Tu es vraiment naïve, sœur Cui Cui. Tu as gâché ta jeune vie à cause de quelques mots. En valait-il la peine

?

» la réprimanda Liang Xiaole.

« Lele, tu n'imagines donc pas à quel point sa langue est acérée

?! Elle a réussi à raconter ça à tout le village, et elle est même allée jusqu'à mentionner Wangjiawa (le village que Cuicui a présenté comme le village natal de son mari). Qu'est-ce que la famille Wang va penser de tout ça quand elle l'apprendra

?! »

Tandis que Cui Cui parlait, deux larmes coulaient sur ses joues. Il semblait qu'elle tenait beaucoup à sa réputation auprès de la famille de son futur époux. Dans son village, tout le monde la connaissait et personne ne croirait les paroles de Lu Jinping. Mais pour la famille de son futur mari, c'était une autre histoire

: les deux villages étaient séparés, et il leur était impossible de venir se renseigner un par un sur sa famille

!

« Une fois qu’elle a tiré la langue, elle ne la rentre plus. Je ne peux prouver mon innocence et la faire taire qu’en mourant », a déclaré Liang Xiaocui, retenant ses larmes.

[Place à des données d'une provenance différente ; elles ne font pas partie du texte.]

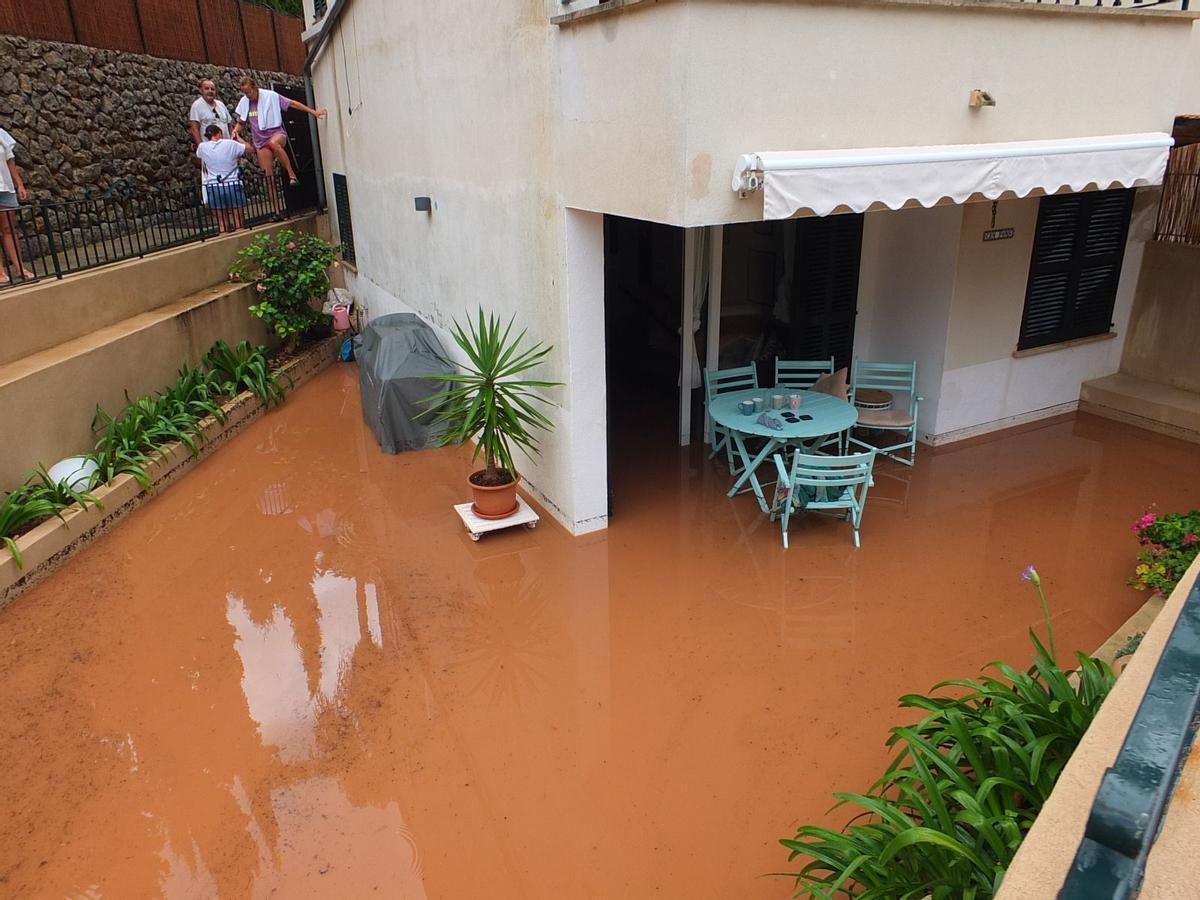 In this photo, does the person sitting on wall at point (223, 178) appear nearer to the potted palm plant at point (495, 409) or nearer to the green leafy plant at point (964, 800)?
the potted palm plant at point (495, 409)

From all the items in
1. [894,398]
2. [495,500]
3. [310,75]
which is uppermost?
[310,75]

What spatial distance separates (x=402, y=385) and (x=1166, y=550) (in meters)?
7.74

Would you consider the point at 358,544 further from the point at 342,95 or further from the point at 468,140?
the point at 342,95

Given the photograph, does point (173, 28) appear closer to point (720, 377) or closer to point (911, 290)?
point (720, 377)

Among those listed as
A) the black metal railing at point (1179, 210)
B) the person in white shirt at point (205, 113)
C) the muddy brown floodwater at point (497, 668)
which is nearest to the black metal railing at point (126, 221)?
the person in white shirt at point (205, 113)

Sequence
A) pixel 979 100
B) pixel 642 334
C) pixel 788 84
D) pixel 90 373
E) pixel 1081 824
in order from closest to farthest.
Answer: pixel 1081 824 → pixel 788 84 → pixel 979 100 → pixel 90 373 → pixel 642 334

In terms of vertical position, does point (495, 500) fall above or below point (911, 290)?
below

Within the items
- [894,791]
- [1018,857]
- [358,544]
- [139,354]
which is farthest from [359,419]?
[1018,857]

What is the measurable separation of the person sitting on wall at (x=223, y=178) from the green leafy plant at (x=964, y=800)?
12.7 m

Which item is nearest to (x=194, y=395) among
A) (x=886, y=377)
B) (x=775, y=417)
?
(x=775, y=417)

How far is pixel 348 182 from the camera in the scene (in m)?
14.8

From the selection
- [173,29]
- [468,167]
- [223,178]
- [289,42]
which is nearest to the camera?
[468,167]

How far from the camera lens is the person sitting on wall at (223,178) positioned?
1280 cm

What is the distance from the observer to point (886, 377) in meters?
9.38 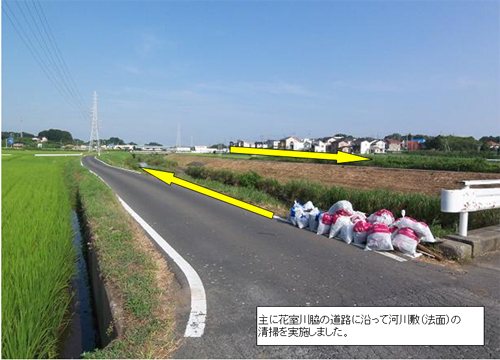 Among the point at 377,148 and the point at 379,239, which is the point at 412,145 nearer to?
the point at 377,148

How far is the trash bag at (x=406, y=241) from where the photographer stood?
14.6ft

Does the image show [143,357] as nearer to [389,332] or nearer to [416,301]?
[389,332]

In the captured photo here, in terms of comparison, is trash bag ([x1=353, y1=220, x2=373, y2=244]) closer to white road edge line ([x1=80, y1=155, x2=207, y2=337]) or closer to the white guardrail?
the white guardrail

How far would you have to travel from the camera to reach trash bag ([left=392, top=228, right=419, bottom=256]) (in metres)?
4.45

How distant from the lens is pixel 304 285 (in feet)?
11.6

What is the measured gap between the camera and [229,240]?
5555mm

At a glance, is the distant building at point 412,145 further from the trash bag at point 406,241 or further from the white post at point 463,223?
the trash bag at point 406,241

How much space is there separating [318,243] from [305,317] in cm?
241

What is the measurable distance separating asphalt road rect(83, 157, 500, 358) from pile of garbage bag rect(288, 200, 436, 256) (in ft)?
0.68

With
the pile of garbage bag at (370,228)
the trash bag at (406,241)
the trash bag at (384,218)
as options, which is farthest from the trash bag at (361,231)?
the trash bag at (406,241)

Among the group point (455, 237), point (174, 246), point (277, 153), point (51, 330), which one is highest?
point (277, 153)

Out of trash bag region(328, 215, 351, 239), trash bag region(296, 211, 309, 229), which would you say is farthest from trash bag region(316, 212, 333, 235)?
trash bag region(296, 211, 309, 229)

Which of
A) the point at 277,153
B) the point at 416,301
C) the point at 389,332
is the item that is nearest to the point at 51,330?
the point at 389,332

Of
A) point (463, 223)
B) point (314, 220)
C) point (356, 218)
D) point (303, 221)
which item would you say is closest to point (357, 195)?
point (303, 221) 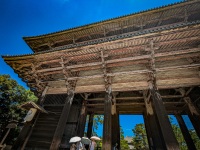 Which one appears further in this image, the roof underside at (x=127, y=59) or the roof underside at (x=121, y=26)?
the roof underside at (x=121, y=26)

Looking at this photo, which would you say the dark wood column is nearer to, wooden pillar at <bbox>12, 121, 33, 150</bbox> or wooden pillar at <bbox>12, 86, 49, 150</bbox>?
wooden pillar at <bbox>12, 86, 49, 150</bbox>

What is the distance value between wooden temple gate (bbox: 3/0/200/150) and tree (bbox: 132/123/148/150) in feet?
43.7

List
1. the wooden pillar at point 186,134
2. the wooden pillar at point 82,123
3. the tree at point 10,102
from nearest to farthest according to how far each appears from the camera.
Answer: the wooden pillar at point 186,134
the wooden pillar at point 82,123
the tree at point 10,102

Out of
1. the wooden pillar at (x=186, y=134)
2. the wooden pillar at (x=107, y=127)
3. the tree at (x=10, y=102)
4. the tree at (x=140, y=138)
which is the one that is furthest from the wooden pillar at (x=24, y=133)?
the tree at (x=140, y=138)

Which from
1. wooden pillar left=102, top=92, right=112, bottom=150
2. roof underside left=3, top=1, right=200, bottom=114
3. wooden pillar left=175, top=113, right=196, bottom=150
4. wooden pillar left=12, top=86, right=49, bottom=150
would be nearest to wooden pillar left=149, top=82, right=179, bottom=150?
roof underside left=3, top=1, right=200, bottom=114

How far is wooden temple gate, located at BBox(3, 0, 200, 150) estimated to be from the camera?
5051 millimetres

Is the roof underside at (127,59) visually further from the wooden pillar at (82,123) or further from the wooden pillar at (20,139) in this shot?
the wooden pillar at (20,139)

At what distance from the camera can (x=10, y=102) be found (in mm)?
15422

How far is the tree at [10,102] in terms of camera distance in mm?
13898

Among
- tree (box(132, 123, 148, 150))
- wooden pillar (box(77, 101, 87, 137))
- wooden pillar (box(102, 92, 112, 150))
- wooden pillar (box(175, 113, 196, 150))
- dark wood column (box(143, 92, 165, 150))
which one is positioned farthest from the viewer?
tree (box(132, 123, 148, 150))

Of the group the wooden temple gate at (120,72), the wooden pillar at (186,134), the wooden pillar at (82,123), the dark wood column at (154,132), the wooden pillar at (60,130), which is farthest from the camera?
the wooden pillar at (82,123)

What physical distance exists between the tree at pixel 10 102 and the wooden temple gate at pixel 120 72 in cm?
1027

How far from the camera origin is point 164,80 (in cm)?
570

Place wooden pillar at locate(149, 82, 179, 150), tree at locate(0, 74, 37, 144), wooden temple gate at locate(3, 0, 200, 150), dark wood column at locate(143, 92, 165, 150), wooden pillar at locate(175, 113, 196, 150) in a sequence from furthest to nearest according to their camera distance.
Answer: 1. tree at locate(0, 74, 37, 144)
2. wooden pillar at locate(175, 113, 196, 150)
3. dark wood column at locate(143, 92, 165, 150)
4. wooden temple gate at locate(3, 0, 200, 150)
5. wooden pillar at locate(149, 82, 179, 150) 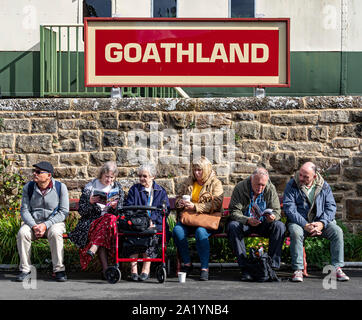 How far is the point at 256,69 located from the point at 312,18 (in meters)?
3.59

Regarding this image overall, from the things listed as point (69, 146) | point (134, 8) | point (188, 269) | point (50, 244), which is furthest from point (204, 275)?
point (134, 8)

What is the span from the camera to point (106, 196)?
24.3 ft

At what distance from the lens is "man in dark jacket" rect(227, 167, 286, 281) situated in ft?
23.3

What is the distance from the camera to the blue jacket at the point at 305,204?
729 centimetres

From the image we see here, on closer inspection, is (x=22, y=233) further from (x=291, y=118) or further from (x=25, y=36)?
(x=25, y=36)

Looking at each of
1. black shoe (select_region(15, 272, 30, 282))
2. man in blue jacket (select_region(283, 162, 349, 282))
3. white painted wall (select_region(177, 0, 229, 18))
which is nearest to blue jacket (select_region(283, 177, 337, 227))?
man in blue jacket (select_region(283, 162, 349, 282))

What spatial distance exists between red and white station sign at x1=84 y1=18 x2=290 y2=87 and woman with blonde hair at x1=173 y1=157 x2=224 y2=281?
1763mm

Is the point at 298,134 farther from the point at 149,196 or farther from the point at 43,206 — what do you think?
the point at 43,206

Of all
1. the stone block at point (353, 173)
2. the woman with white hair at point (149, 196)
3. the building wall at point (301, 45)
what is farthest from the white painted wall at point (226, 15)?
the woman with white hair at point (149, 196)

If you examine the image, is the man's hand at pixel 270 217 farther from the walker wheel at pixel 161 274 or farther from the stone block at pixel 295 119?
the stone block at pixel 295 119

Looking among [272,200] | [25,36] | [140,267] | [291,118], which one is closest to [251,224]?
[272,200]

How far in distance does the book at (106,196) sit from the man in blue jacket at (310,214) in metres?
2.04

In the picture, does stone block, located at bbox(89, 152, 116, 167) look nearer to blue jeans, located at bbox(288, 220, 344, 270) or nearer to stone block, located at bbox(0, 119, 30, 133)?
stone block, located at bbox(0, 119, 30, 133)

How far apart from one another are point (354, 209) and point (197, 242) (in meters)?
2.53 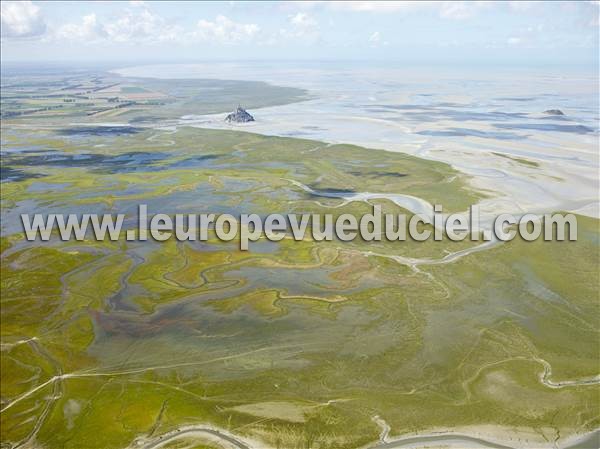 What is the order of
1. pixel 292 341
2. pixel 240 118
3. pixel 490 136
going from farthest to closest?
pixel 240 118, pixel 490 136, pixel 292 341

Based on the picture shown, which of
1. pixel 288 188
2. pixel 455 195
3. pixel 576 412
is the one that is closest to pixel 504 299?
pixel 576 412

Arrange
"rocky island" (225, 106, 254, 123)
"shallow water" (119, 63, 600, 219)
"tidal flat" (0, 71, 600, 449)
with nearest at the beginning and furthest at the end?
1. "tidal flat" (0, 71, 600, 449)
2. "shallow water" (119, 63, 600, 219)
3. "rocky island" (225, 106, 254, 123)

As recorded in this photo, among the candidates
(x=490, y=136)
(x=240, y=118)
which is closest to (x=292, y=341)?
(x=490, y=136)

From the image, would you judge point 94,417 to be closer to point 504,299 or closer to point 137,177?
point 504,299

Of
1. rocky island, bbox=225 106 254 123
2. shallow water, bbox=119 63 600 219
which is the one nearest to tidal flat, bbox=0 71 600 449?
shallow water, bbox=119 63 600 219

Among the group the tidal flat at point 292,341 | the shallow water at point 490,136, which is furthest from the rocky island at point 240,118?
the tidal flat at point 292,341

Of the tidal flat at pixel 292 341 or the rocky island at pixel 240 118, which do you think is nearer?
the tidal flat at pixel 292 341

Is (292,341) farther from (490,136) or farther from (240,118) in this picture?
(240,118)

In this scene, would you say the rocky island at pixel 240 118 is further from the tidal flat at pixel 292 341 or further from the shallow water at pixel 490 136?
the tidal flat at pixel 292 341

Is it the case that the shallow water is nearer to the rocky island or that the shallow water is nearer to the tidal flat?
the rocky island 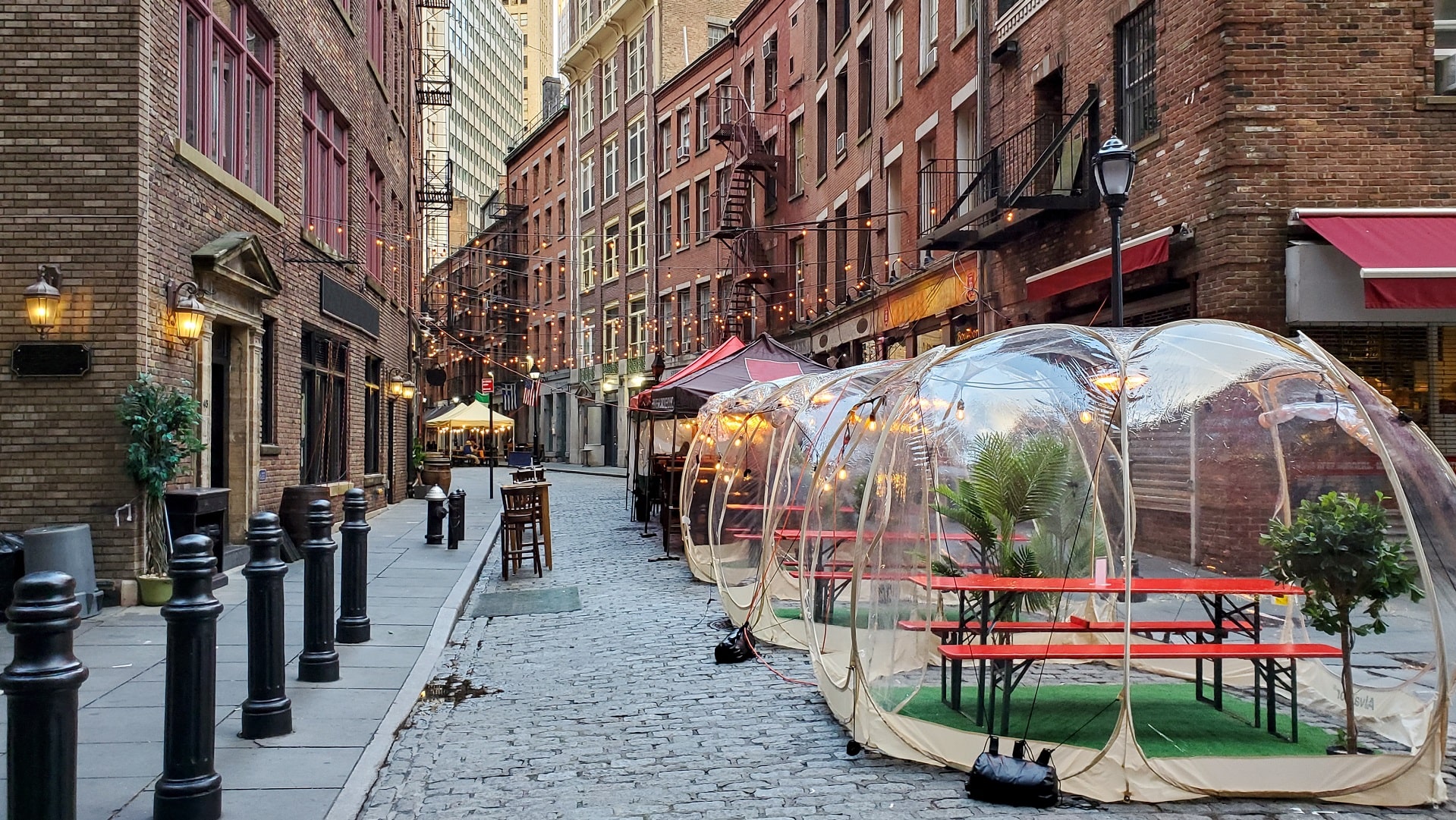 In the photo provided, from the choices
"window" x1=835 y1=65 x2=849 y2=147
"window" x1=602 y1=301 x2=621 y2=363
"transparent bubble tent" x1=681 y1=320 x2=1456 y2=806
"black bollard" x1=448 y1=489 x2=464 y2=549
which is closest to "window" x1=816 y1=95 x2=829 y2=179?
"window" x1=835 y1=65 x2=849 y2=147

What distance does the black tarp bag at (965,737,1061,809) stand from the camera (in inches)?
216

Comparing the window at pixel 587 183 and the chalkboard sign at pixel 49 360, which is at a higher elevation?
the window at pixel 587 183

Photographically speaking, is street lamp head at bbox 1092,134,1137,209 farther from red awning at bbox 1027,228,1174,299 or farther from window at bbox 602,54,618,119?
window at bbox 602,54,618,119

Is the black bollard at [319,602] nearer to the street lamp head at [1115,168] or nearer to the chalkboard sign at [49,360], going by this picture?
the chalkboard sign at [49,360]

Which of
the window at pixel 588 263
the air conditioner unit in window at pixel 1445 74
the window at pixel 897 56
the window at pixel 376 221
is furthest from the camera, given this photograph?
the window at pixel 588 263

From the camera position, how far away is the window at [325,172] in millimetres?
17797

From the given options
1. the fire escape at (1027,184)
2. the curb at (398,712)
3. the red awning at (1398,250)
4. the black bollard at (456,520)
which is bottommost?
the curb at (398,712)

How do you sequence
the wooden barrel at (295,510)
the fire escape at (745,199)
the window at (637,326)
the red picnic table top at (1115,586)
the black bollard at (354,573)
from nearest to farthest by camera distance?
1. the red picnic table top at (1115,586)
2. the black bollard at (354,573)
3. the wooden barrel at (295,510)
4. the fire escape at (745,199)
5. the window at (637,326)

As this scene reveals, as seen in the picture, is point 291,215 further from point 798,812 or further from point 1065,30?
point 798,812

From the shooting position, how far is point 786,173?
116 ft

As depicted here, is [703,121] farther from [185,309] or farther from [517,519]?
[185,309]

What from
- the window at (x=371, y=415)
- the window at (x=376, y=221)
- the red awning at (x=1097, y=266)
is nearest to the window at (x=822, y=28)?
the window at (x=376, y=221)

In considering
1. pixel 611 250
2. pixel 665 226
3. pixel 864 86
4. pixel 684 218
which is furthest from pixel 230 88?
pixel 611 250

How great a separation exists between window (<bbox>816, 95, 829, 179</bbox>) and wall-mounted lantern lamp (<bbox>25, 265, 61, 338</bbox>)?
76.7 feet
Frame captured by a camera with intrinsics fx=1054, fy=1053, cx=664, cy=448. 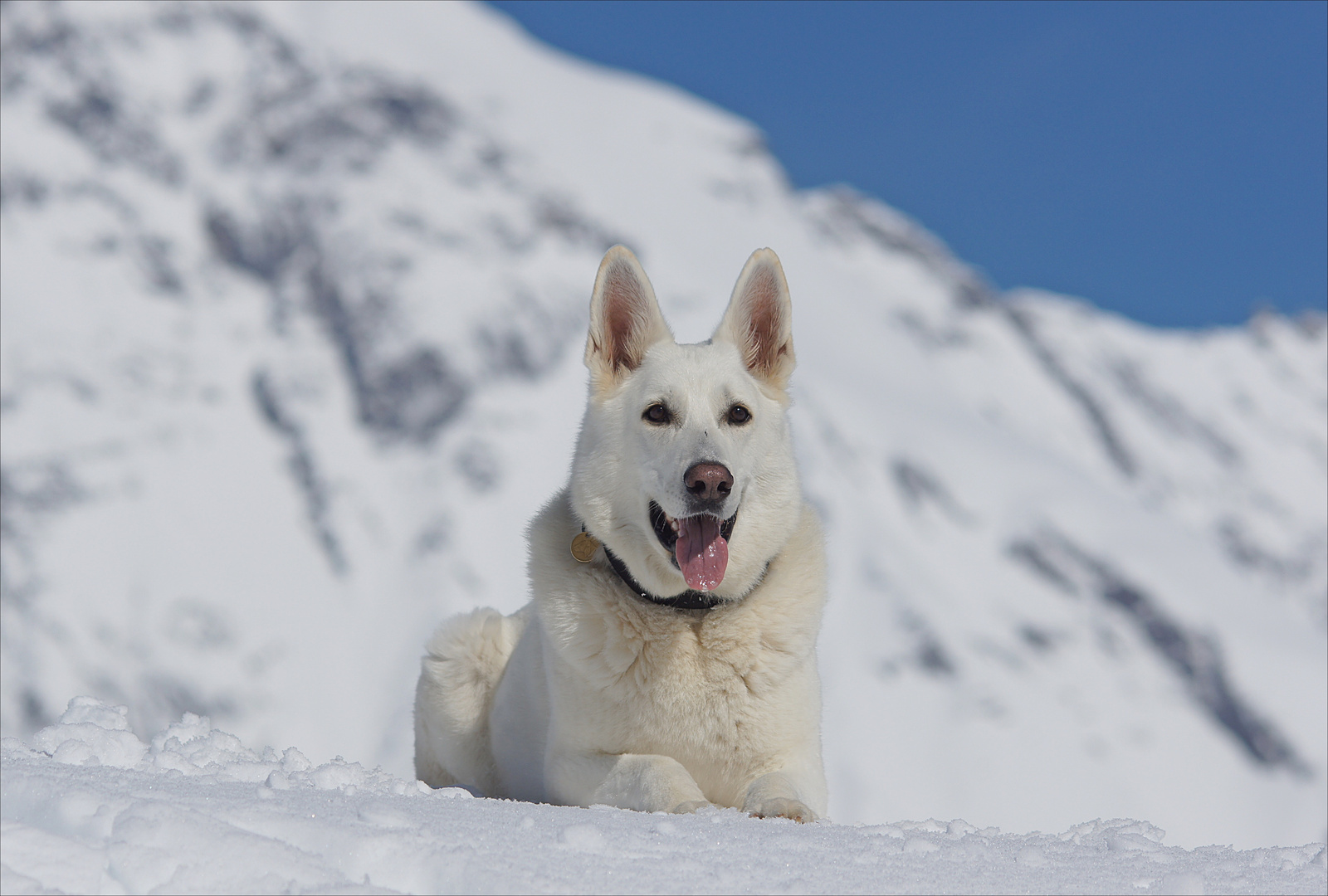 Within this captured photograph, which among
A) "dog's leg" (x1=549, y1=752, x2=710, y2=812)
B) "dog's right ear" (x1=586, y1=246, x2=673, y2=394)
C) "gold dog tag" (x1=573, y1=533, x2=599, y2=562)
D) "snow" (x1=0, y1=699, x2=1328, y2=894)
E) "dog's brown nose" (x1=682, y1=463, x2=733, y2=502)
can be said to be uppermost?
"dog's right ear" (x1=586, y1=246, x2=673, y2=394)

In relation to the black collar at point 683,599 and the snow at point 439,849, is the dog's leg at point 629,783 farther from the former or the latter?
the black collar at point 683,599

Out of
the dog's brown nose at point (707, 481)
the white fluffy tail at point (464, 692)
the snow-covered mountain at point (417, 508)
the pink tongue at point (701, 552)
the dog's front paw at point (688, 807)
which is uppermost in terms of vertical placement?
the dog's brown nose at point (707, 481)

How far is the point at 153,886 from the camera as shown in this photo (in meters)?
2.28

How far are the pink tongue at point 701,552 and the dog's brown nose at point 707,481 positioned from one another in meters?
0.15

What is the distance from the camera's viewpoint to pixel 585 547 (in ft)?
17.5

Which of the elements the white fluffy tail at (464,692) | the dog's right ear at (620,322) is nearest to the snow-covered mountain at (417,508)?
the white fluffy tail at (464,692)

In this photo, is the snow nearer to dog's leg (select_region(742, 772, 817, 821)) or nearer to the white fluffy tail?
dog's leg (select_region(742, 772, 817, 821))

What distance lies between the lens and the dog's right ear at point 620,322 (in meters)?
5.67

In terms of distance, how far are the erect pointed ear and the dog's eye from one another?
0.70 meters

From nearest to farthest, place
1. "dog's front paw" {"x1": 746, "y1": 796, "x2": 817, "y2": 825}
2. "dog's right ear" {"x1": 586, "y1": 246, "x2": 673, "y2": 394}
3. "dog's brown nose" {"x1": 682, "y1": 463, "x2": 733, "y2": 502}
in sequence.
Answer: "dog's front paw" {"x1": 746, "y1": 796, "x2": 817, "y2": 825} → "dog's brown nose" {"x1": 682, "y1": 463, "x2": 733, "y2": 502} → "dog's right ear" {"x1": 586, "y1": 246, "x2": 673, "y2": 394}

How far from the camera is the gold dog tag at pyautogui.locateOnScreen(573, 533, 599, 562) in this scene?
17.4 feet

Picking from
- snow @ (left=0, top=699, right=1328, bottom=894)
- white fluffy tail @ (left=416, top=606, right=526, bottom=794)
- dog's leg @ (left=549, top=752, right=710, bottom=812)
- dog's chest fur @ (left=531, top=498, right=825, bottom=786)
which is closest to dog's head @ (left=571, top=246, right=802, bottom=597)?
dog's chest fur @ (left=531, top=498, right=825, bottom=786)

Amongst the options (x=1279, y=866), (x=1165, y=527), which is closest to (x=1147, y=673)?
(x=1165, y=527)

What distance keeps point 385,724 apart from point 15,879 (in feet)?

Les larmes montèrent également aux yeux de Liang Xiaole.

Oui, les filles ne peuvent pas porter le fardeau de la culpabilité, et elles ne peuvent pas se défendre. On finit par devenir ce que les gens disent de vous. Plus vous essayez de le dissimuler, pire c'est. Combien de femmes dans le monde ont été accusées à tort, et combien sont mortes pour prouver leur innocence

?

« Sœur Cui Cui, que pensez-vous que nous devrions faire pour la punir ?! Je vous écouterai. » Liang Xiaole s'était enfin décidée.

« J’ai envie de la tabasser », dit Liang Xiaocui en se levant et en agitant les poings avec colère.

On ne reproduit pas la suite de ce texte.